### WHAT IS EXPECTED
Although the data below holds other lines too, output only those from the line with "Wenter USB Hub" up to and including the line with "Ecola Plakkaatverf Fles", exactly as they appear.

### EXTRACTED INFORMATION
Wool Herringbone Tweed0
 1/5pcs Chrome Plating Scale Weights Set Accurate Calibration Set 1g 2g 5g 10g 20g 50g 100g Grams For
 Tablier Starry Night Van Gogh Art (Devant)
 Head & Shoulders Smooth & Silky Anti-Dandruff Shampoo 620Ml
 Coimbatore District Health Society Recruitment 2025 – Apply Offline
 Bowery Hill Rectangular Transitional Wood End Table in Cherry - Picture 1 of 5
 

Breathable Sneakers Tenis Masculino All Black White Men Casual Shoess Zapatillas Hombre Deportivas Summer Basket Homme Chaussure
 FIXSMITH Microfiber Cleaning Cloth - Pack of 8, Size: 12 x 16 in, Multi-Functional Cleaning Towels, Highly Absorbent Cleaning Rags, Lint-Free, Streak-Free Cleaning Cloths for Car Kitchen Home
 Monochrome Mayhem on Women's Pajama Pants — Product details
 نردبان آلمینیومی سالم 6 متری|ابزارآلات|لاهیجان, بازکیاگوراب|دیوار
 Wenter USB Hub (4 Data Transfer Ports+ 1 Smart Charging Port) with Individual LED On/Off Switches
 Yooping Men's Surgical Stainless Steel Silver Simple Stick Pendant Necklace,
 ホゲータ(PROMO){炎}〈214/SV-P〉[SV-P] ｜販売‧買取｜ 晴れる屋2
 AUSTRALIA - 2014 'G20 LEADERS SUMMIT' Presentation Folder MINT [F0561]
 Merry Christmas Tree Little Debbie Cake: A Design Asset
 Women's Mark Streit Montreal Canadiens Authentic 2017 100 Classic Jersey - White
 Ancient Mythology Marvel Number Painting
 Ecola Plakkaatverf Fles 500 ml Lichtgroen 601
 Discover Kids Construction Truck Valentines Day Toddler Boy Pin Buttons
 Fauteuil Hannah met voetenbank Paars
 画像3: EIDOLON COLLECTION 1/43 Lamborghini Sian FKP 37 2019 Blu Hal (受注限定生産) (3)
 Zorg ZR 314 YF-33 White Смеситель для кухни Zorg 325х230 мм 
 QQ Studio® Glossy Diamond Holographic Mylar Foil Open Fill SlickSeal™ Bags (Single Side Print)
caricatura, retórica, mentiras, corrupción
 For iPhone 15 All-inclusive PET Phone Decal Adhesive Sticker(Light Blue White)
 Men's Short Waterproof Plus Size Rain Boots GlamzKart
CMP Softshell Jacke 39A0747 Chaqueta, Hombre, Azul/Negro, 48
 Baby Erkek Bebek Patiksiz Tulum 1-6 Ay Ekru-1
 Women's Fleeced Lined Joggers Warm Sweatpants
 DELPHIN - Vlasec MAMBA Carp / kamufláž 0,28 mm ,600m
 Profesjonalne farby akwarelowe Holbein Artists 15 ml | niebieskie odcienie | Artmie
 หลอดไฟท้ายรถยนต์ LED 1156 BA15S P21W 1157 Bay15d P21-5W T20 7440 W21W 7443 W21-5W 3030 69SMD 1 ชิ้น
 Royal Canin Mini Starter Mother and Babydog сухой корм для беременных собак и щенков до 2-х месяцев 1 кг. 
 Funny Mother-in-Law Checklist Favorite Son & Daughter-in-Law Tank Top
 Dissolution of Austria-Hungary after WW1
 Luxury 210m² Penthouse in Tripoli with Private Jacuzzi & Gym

### RESPONSE AREA
 Wenter USB Hub (4 Data Transfer Ports+ 1 Smart Charging Port) with Individual LED On/Off Switches
 Yooping Men's Surgical Stainless Steel Silver Simple Stick Pendant Necklace,
 ホゲータ(PROMO){炎}〈214/SV-P〉[SV-P] ｜販売‧買取｜ 晴れる屋2
 AUSTRALIA - 2014 'G20 LEADERS SUMMIT' Presentation Folder MINT [F0561]
 Merry Christmas Tree Little Debbie Cake: A Design Asset
 Women's Mark Streit Montreal Canadiens Authentic 2017 100 Classic Jersey - White
 Ancient Mythology Marvel Number Painting
 Ecola Plakkaatverf Fles 500 ml Lichtgroen 601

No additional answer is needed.